-Press release
Friday 22nd June 2007 |
Text too small? |
New Zealand's standard of living relies on its exporters, who send out goods from software to organic foods.
Exporters need to hear serious debate about the tools available to cool our hot markets and bring the dollar under control.
The New Zealand Reserve Bank has limited tools to bring the official cash rate - now at 8% - into line.
Raising the interest rate makes our currency desirable to offshore dealers. Proposals to use any form of tax as a tool are so unpalatable that the debate is over almost before it begins.
"We need to have an open and honest debate about the best way forward for New Zealand to deal with the overheated dollar," says Bob Walters, CEO of Export New Zealand. Closing down the debate is not an option; the discussion must be allowed to go forward.

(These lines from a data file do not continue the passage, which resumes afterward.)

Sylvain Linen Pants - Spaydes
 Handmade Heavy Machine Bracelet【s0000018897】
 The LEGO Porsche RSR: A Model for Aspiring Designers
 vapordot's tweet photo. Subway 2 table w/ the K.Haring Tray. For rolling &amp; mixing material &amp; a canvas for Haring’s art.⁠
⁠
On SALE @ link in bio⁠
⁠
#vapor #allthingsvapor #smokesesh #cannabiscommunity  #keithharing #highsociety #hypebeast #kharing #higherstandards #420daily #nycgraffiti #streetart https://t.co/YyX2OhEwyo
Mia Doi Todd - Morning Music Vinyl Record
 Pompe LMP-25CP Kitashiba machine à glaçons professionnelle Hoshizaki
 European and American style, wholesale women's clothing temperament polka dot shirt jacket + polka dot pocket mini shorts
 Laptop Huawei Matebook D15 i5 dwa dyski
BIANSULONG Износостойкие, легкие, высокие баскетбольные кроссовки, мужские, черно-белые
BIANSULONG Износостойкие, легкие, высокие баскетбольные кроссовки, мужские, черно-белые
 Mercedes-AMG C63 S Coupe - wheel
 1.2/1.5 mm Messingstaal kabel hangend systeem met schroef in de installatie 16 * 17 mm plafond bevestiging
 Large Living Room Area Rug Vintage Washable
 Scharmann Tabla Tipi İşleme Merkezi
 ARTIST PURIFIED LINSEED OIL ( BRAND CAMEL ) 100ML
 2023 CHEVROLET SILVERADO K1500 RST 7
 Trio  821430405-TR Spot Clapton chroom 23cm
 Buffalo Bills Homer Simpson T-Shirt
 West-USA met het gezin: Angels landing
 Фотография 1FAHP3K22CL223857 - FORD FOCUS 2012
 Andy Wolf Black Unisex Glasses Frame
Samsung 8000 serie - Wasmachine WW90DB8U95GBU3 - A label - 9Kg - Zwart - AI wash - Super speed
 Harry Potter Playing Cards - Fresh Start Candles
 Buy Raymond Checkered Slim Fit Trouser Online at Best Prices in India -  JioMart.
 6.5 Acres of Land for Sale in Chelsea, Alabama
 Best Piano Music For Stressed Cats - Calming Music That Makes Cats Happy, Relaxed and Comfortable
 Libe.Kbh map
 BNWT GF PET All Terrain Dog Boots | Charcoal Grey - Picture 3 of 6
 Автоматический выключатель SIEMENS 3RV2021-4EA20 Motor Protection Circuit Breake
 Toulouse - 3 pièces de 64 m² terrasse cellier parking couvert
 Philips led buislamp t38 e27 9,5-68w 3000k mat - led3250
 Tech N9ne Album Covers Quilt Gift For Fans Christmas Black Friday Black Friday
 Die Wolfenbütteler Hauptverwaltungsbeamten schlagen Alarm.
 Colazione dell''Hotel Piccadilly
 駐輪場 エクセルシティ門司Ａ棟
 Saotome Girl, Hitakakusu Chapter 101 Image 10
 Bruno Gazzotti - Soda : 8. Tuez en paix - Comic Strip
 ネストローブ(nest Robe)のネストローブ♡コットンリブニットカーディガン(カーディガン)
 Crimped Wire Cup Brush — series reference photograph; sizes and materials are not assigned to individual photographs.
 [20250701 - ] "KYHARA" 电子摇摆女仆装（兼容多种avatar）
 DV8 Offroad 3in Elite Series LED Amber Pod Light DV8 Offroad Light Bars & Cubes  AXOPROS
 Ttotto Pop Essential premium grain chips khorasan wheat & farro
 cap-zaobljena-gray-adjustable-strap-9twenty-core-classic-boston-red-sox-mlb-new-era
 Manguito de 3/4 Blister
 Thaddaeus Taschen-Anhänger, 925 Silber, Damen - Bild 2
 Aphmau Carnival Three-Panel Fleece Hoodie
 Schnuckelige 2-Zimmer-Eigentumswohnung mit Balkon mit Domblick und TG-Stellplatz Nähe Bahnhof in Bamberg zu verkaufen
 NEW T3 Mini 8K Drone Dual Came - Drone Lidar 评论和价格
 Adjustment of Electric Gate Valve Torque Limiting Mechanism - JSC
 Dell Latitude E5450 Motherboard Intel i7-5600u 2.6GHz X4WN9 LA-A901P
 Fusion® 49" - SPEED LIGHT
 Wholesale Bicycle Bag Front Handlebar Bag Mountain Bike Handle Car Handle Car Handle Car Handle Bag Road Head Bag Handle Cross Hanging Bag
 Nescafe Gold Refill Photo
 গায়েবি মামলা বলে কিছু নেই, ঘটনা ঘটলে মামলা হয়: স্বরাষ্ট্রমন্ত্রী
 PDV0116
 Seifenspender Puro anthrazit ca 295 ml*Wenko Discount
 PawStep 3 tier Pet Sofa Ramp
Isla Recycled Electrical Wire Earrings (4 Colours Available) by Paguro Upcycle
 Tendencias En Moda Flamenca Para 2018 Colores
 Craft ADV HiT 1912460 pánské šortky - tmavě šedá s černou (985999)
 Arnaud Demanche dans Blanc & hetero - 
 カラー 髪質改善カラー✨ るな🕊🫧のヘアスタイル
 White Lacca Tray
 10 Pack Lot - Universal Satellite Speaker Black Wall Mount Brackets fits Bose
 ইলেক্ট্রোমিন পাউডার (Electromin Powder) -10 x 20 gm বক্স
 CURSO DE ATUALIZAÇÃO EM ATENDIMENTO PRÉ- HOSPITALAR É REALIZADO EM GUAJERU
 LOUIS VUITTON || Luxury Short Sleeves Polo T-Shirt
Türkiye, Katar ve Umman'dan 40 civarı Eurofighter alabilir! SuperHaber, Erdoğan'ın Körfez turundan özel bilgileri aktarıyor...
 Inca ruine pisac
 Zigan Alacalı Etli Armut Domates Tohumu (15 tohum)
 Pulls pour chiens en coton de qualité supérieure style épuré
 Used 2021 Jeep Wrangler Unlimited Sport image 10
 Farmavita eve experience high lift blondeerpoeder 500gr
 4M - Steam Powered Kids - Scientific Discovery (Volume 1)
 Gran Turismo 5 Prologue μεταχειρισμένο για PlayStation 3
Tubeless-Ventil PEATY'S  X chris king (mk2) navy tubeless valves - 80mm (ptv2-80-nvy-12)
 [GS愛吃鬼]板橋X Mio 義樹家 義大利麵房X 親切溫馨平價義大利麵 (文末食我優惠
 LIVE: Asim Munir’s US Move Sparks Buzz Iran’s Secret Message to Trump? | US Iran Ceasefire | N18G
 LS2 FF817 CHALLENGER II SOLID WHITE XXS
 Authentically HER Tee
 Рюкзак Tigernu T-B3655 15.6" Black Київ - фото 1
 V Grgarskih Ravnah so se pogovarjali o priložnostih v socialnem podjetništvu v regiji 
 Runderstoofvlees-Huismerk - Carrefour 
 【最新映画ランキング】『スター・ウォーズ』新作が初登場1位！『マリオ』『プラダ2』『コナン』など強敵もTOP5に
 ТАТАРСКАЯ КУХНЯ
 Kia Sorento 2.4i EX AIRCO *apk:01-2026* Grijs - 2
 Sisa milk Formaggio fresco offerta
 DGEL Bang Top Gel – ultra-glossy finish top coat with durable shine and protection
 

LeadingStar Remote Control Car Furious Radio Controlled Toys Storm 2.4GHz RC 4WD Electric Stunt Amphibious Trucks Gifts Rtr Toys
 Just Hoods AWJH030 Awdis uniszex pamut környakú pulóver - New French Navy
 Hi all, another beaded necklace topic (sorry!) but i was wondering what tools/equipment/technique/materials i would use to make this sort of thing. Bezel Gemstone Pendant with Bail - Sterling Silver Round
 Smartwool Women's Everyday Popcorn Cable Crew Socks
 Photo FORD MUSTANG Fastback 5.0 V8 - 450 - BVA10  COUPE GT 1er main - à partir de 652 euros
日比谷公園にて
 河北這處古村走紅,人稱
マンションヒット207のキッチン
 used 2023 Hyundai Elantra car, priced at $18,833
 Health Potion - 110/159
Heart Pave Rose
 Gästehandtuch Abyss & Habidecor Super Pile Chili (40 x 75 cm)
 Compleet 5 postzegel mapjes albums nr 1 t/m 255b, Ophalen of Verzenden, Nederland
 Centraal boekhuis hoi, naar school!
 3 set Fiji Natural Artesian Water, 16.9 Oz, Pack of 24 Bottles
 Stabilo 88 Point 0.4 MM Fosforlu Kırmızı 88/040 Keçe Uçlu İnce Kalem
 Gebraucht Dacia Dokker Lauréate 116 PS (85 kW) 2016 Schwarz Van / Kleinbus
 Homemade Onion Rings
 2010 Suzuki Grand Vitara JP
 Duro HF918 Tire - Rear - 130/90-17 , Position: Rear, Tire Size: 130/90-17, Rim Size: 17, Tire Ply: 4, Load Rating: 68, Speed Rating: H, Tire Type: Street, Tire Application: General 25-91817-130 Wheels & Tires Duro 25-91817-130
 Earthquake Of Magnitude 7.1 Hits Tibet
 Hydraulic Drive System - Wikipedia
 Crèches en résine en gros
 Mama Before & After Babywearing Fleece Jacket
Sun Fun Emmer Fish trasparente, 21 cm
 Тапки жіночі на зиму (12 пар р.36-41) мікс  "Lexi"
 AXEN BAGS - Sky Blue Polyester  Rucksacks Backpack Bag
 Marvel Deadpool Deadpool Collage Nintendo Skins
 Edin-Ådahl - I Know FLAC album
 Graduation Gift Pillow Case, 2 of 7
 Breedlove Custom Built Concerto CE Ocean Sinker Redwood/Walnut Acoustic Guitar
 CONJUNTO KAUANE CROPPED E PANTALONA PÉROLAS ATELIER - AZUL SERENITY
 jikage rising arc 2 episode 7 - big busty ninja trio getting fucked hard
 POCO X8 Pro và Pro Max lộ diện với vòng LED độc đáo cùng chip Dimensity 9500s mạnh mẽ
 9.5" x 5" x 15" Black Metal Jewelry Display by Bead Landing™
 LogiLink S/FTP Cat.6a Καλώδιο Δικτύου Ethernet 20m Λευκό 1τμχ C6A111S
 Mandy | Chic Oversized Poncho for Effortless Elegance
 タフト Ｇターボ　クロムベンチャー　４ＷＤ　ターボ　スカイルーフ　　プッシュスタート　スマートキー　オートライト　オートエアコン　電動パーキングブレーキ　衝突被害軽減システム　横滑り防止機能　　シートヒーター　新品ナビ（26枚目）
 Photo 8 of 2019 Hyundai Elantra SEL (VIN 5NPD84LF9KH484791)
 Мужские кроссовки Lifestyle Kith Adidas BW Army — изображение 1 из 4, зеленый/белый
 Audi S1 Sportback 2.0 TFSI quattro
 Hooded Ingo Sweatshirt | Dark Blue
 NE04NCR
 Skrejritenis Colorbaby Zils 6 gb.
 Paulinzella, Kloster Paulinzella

Exporters are the ones most immediately affected in this debate but in the final analysis it is New Zealanders who will be the losers. The Reserve Bank can't continue pursuing a policy that will simply drive the productive sector out of business.
In the Independent Financial Review (20 June) columnist Chris Trotter writes: "And since the credit-worthiness of the nation as a whole is ultimately dependent on the profitability of its exporters, rather than its importers, financiers and consumers, it behoves the New Zealand state to find some way of keeping them in the black."
"Exporters are the backbone of the New Zealand economy. Resilient they may be but the present high levels of the dollar are squeezing the life out of many of them," Walters says.
The dollar has appreciated more than 19% against the US dollar and 30% against the yen in the past 12 months.